PROMPT → With pictures omitted, copy exactly every line from the one that contains "زاويه وميز ابلازمه جدد 150 وبيهن مجال" to the end of the listing below.
==== SUPPLIED MATERIAL ====
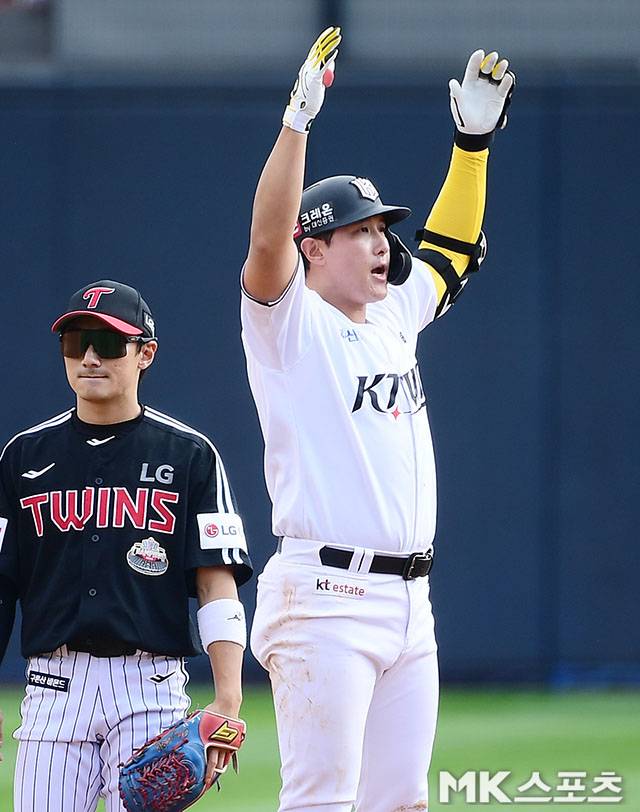2024년 10월 9일 오후 경기도 수원KT위즈파크에서 ‘2024 KBO리그 포스트시즌’ LG 트윈스와 KT 위즈의 준플레이오프 4차전 경기가 열렸다. 4회말 1사 2루에서 KT 황재균이 1타점 적시타를 치고 2루에 진루한 후 기뻐하고 있다. 사진=김영구 기자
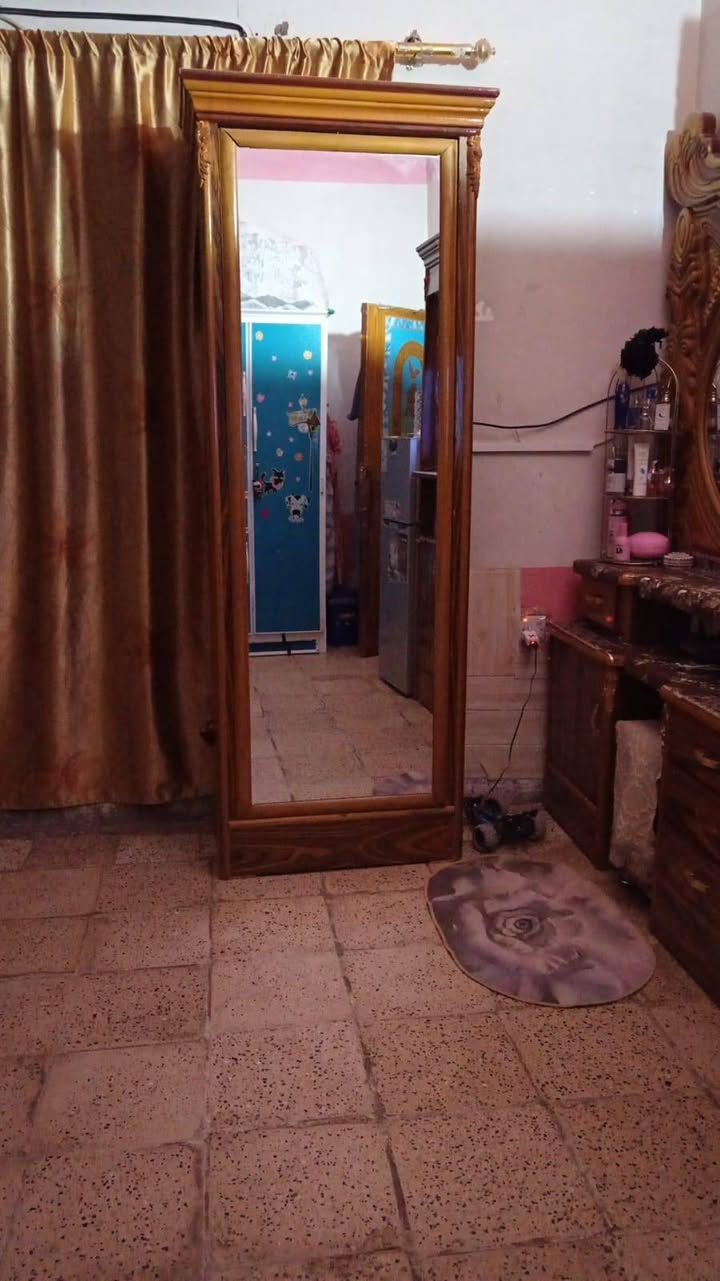 زاويه وميز ابلازمه جدد 150 وبيهن مجال


**إذا كنت صاحب هذا الإعلان وتريد حذفه لأي سبب، رجاءا أرسل رسالة إلى الدعم الفني**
====
EXPECTED ANSWER →
 زاويه وميز ابلازمه جدد 150 وبيهن مجال


**إذا كنت صاحب هذا الإعلان وتريد حذفه لأي سبب، رجاءا أرسل رسالة إلى الدعم الفني**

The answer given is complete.